Meeting record erasure alleged

From the Spokesman-Review

Police investigating possibility of crime

Erica F. Curless
Staff writer, The Spokesman-Review
October 19, 2007

Coeur d’Alene police are investigating whether a Kootenai County senior planner broke the law by ordering the destruction of a recording of a public meeting.

After the Sept. 24 Planning Commission workshop adjourned, some members allegedly criticized the Kootenai County Commission and county Planning Director Scott Clark. The planners realized that an audio recorder was still on.

Senior Planner Cheri Howell allegedly ordered an administrative secretary to delete the audio file, which contained the alleged comments and the recording of the entire workshop on the rewrite of the county growth plan.

Scott Poorman, Howell’s attorney, said Thursday she didn’t delete or order the destruction of a public record.
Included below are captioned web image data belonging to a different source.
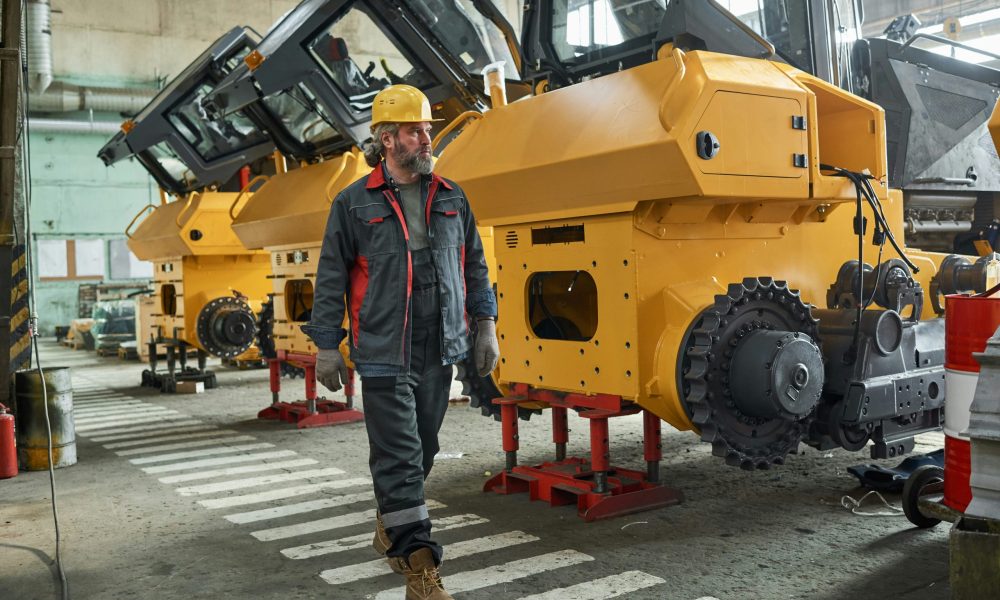 Industriearbeiter in Fabrikshalle (Foto: Unsplash/getty images)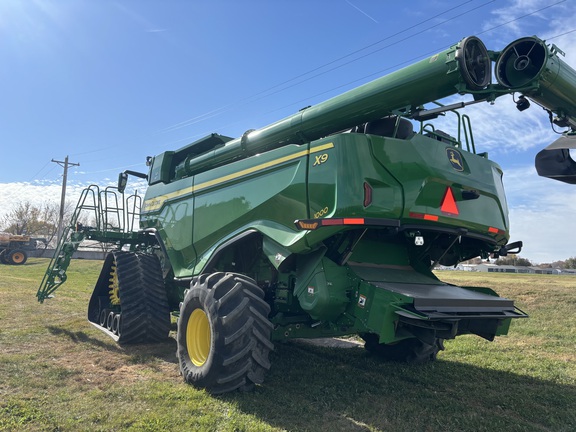 2022 John Deere X9 1000 Combine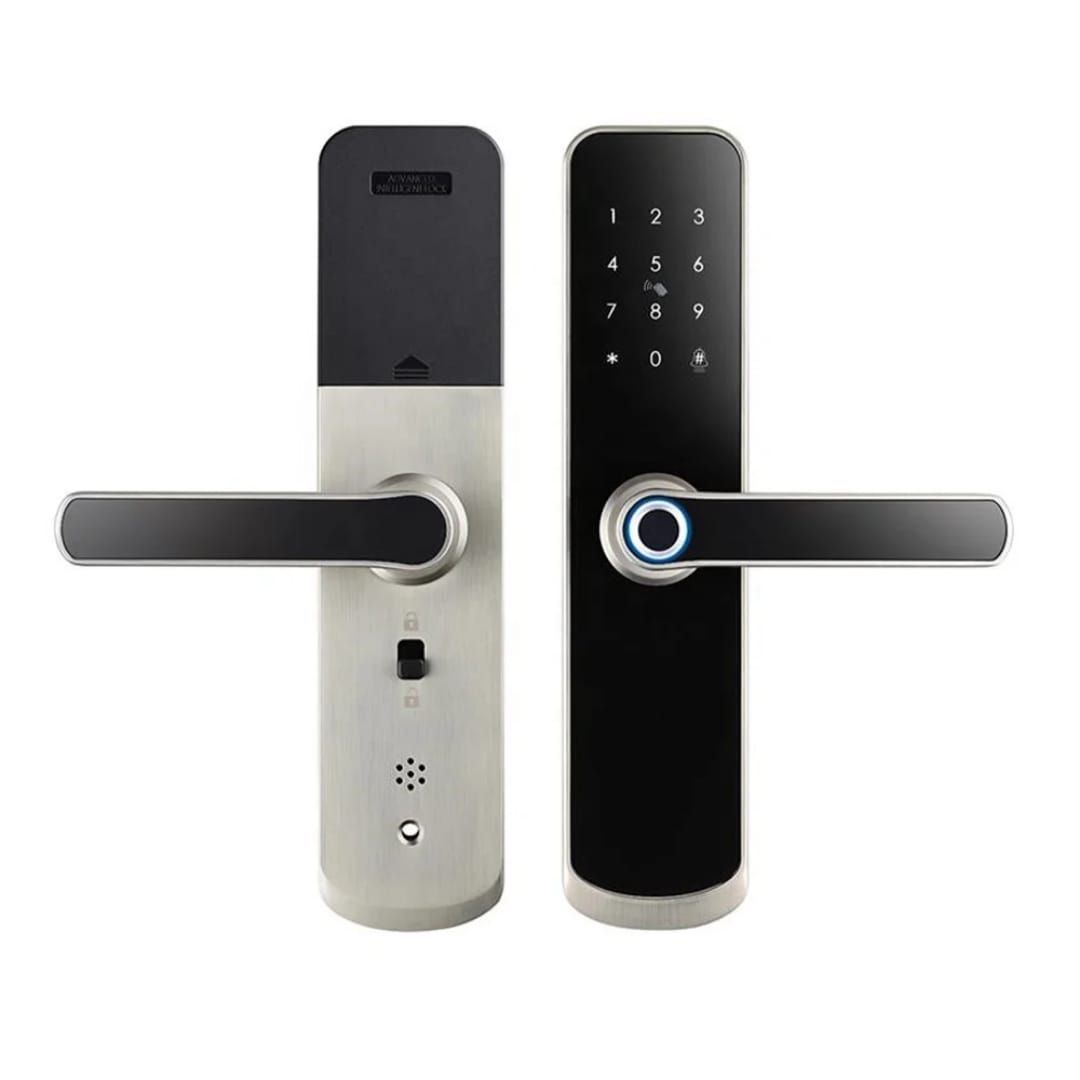 Cerradura de puerta inteligente, color plata y negro, con teclado, lector de huellas y manija.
It comes down to whether the audio recording is considered a public record under the definition of state law, Poorman said.

County Commissioner Todd Tondee said he doesn’t believe anything illegal occurred because there were other, written minutes of the meeting.
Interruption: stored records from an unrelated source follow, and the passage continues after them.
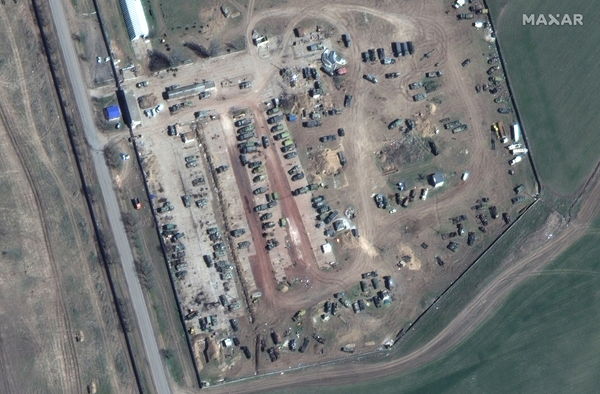 ▲▼ 烏克蘭赫爾松當地機場衛星影像，可見裝甲車輛及裝備。（圖／路透）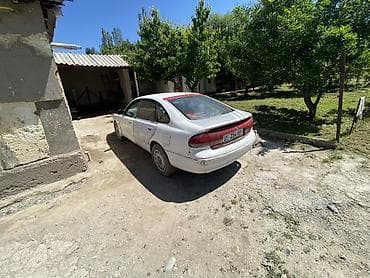 Транспорт: Mazda 626: 1992 г., 2 л, Механика, Бензин, Лифтбек — 3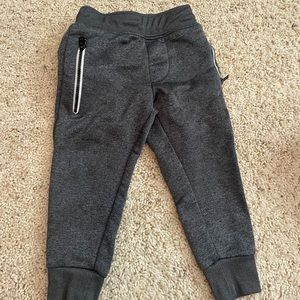 Toddler Hurley sweats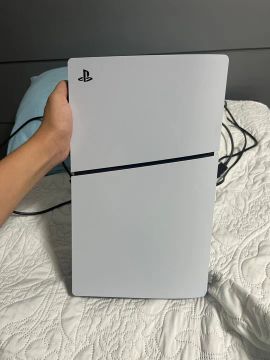 Playstation 5 - Novo vai fazer 3 meses de uso 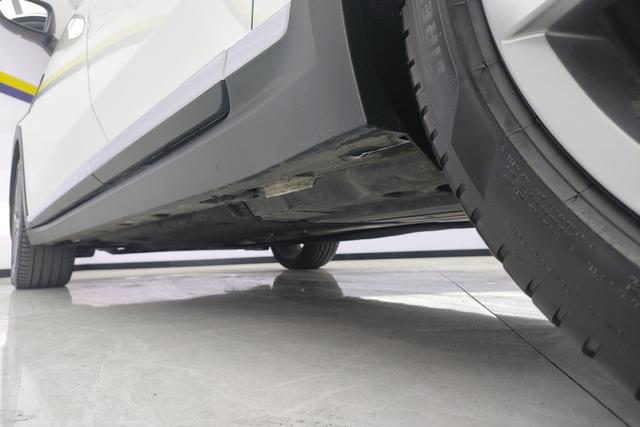 Volkswagen CC 2023, фото 12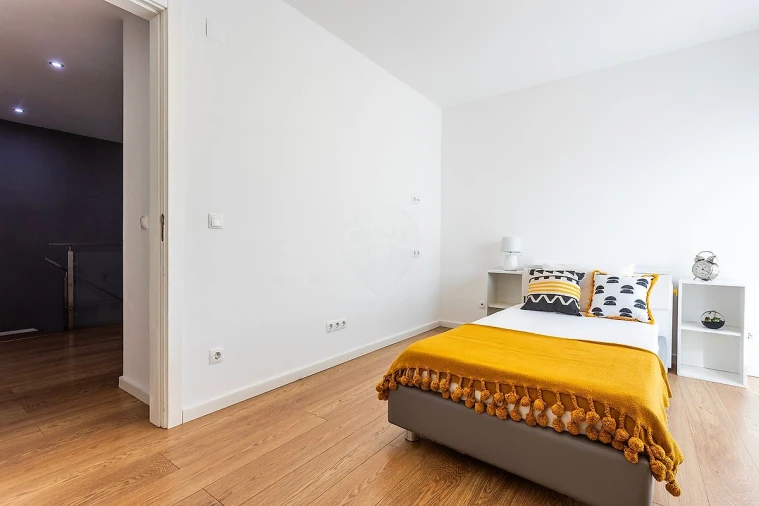 Apartamento T4 para Arrendamento em Lumiar Foto 26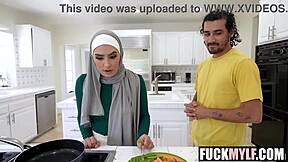 wtf, hijabi stepmom kitty valance fapping—rico hernandez catches her?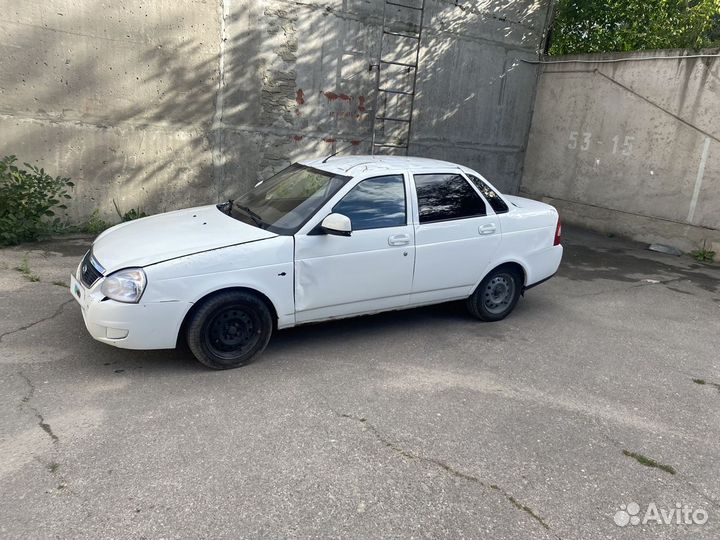 LADA Priora 1.6 МТ, 2015, битый, 150 000 км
“The file wasn’t the public record,” Tondee said, adding he doesn’t have firsthand knowledge of what occurred or what happened to the file. “We have the minutes of the meeting.”

Howell has been on voluntary medical leave since about Oct. 4 for what Poorman described as “stress and anxiety” stemming from the county calling the Coeur d’Alene police about a “possible criminal act” before ever talking with Howell about the incident.

“If they asked what had happened before they ran to the police, none of this would have happened,” he said. “I think they reported a nonevent.”

Kootenai County Attorney John Cafferty wouldn’t discuss the case but did confirm he contacted the Coeur d’Alene Police Department to report the alleged destruction of a county record.

Coeur d’Alene City Attorney Wes Somerton declined to release the police report Thursday, writing in an e-mail that the city won’t make the report public until after the investigation is complete. The city also declined to give Poorman or Howell a copy of the report.

Poorman said Howell was contacted by a Coeur d’Alene police officer but that she refused to answer questions because she hasn’t seen the county’s complaint and doesn’t know what the department is specifically investigating.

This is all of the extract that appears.